Je vois à l’expression de Jake qu’il ne comprend pas toute la portée de la révélation que je viens de lui faire. Le petit garçon posant devant un paysage de montagne, peint sur le tableau qui orne le bureau de son père, c’est moi, Léo Miller, à l’âge de sept ans.
– Que veux-tu dire, par « ce petit garçon, c’est moi » ? demande Jake, abasourdi.
– Que ce garçon me ressemble étrangement, Jake, parce qu’il s’agit de moi. Mon père a peint ce tableau lorsque j’avais sept ans.
Cette fois, je craque et laisse couler à flots les larmes que je tentais encore de retenir. C’est trop d’émotions, trop de souvenirs, trop de questions aussi. Jake a l’air ému par mes larmes :
– Mais, Léo, c’est absurde ! Que ferait une toile de ton père ici ? Et tu t’appelles Miller, pas Sadler.
– Mon père est mort, Jake. Enfin, mon vrai père. Il s’appelait Gordon Miller, et il est mort lorsque j’avais huit ans, d’une overdose. À peine un an après avoir peint ce tableau, en fait. Je ne sais pas d’où tu sors ce nom, Sadler, car ce tableau n’est même pas signé. Mais je reconnaîtrais son travail entre mille.
Jake m'observe, bouleversé. Mon histoire semble le toucher au cœur.
– Pardon, je ne savais pas, Léo. Mais tu m’as dit que les Ramirez étaient des amis de tes parents.
– Mes parents adoptifs. J’ai été recueilli par les Jones après le décès de mon papa. C’est Julia Jones qui est amie avec les Ramirez.
– Et ta mère biologique ?
– Je m’en souviens à peine. J’avais trois ans lorsqu’elle est morte dans un accident de voiture.

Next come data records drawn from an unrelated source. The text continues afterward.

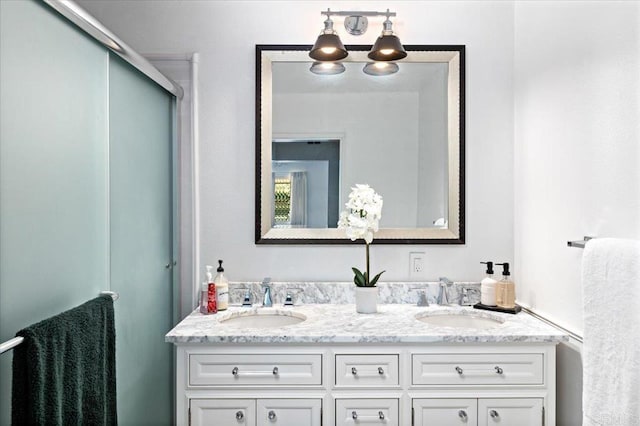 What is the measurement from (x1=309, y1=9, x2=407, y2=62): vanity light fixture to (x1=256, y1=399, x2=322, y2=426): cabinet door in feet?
4.60

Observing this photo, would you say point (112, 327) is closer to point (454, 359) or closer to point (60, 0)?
point (60, 0)

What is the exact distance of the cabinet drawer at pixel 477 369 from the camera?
1578 millimetres

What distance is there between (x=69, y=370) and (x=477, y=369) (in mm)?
1278

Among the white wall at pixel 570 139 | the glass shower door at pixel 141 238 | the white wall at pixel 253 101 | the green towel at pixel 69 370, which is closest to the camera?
the green towel at pixel 69 370

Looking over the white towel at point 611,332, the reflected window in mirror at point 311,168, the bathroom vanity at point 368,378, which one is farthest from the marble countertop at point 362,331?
the reflected window in mirror at point 311,168

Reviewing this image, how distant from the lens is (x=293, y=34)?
2059 millimetres

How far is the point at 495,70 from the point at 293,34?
0.95 m

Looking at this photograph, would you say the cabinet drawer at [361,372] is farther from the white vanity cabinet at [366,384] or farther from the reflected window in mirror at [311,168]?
the reflected window in mirror at [311,168]

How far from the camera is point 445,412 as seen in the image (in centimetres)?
157

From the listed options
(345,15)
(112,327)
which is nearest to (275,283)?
(112,327)

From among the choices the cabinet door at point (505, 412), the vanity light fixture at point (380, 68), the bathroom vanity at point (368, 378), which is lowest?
the cabinet door at point (505, 412)

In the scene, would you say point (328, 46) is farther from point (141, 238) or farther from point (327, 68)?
point (141, 238)

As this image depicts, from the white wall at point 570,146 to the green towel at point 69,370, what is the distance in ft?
4.61

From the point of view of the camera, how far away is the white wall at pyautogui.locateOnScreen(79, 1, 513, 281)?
6.75ft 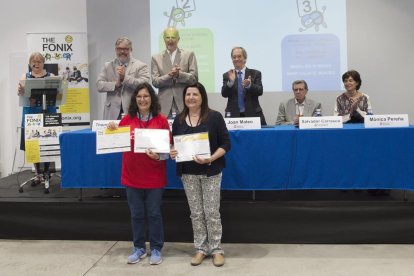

J’ai lâché ces derniers mots dans un souffle, tant je suis moi-même secoué par l’évocation de ces souvenirs douloureux. Jake est totalement désemparé : mon histoire personnelle est terrible, même Victor Hugo aurait hésité à écrire un truc aussi moche. Peu de gens connaissent la vérité à mon sujet, parce que c’est une vérité bouleversante, dérangeante, et que c’est difficile de bien réagir. Soit les gens ont pitié de moi, soit ils ont peur que mes malheurs les contaminent. Et puis je n’aime pas revenir sur cette période. Je traîne avec moi ce passé comme un boulet, que j’avais jusqu’ici plutôt bien réussi à enfouir. Mais voilà que je tombe sur l’improbable, voire l’impossible : je m’entiche d’un homme que les circonstances de la vie n’auraient jamais dû me faire rencontrer ; ressurgit alors comme un boomerang une pièce maîtresse de cette première vie ratée, le tableau de mes sept ans. Jake me regarde avec détresse. Je lui dois une explication, d’autant que je veux moi aussi comprendre ce que fait ici ce tableau, et pourquoi il est signé du nom d’un autre. Je me sens comme dépossédé de moi-même, et c’est une sensation des plus désagréables. Jake s’approche de moi, déconfit par ma tristesse. Il m’entoure de ses bras et m’invite à m’asseoir avec lui sur le sofa placé face au tableau. Je sèche me larmes, prends une profonde inspiration, et je commence mon histoire :

– Mon père était artiste peintre. Les premières années de ma vie ont été heureuses, jusqu’à ce que Maman disparaisse. J’avais à peine trois ans. Papa ne s’en est jamais vraiment remis, et il a sombré dans la drogue.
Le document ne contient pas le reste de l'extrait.